Excluding pictures, what does the listing below contain from the line with "Russia Delivery Robots" up to and including the line with "Maersk Rosyth (ship, 2003)", word for word?
------ The input ------
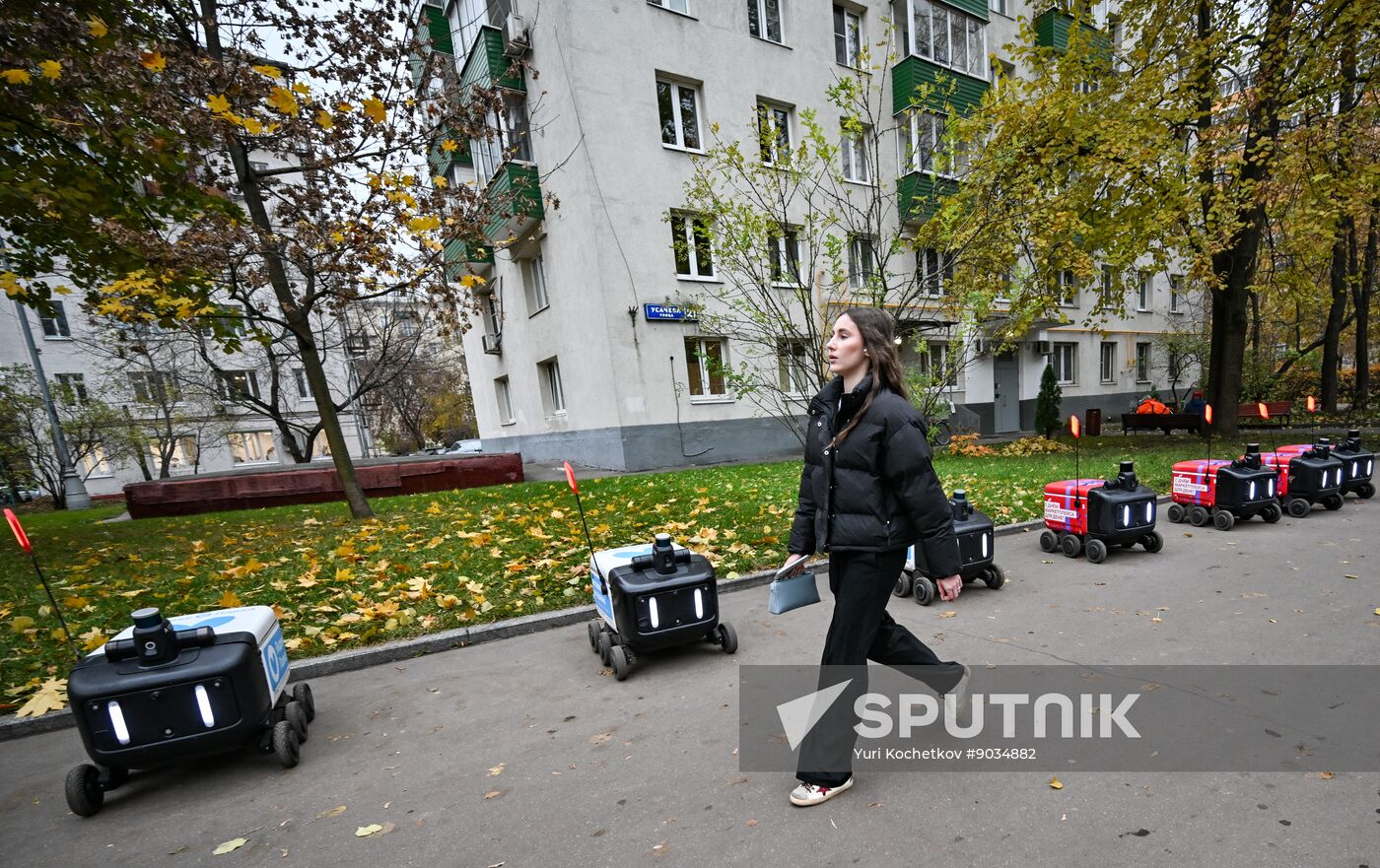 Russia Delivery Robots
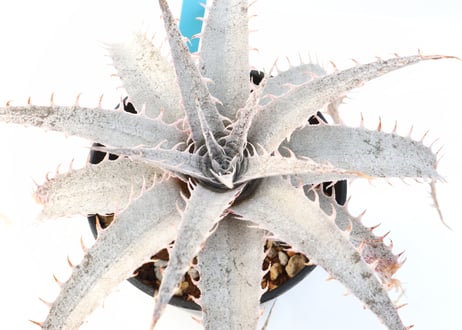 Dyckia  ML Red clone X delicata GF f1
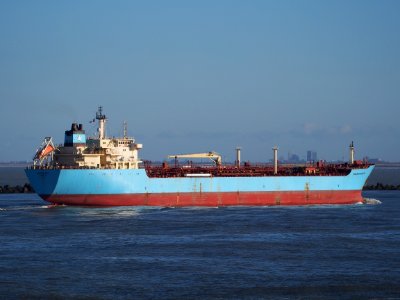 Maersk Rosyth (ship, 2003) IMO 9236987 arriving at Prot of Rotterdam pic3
------
------ The input ------
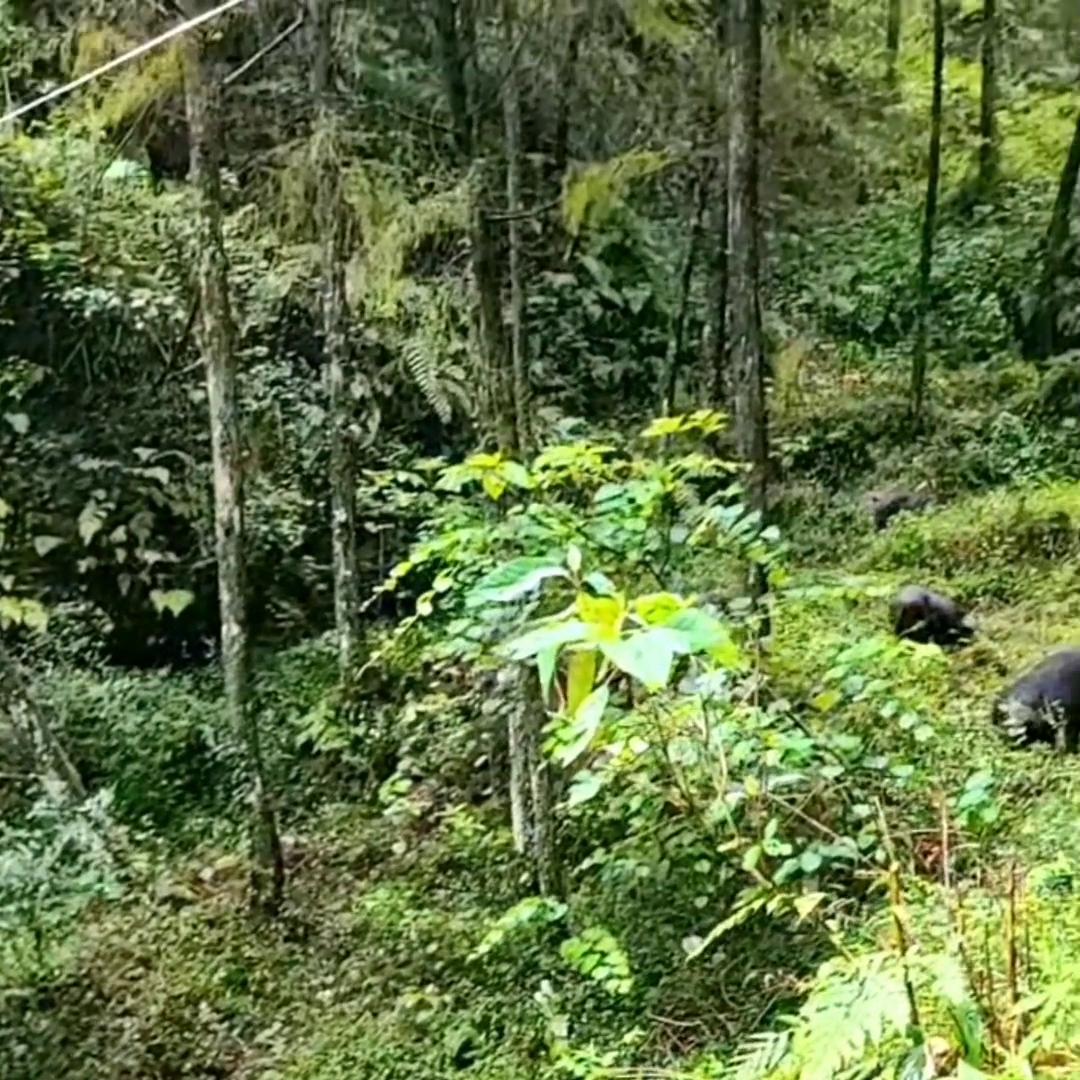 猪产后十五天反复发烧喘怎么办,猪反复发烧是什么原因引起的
------
§ Finished task
 Russia Delivery Robots
 Dyckia  ML Red clone X delicata GF f1
 Maersk Rosyth (ship, 2003) IMO 9236987 arriving at Prot of Rotterdam pic3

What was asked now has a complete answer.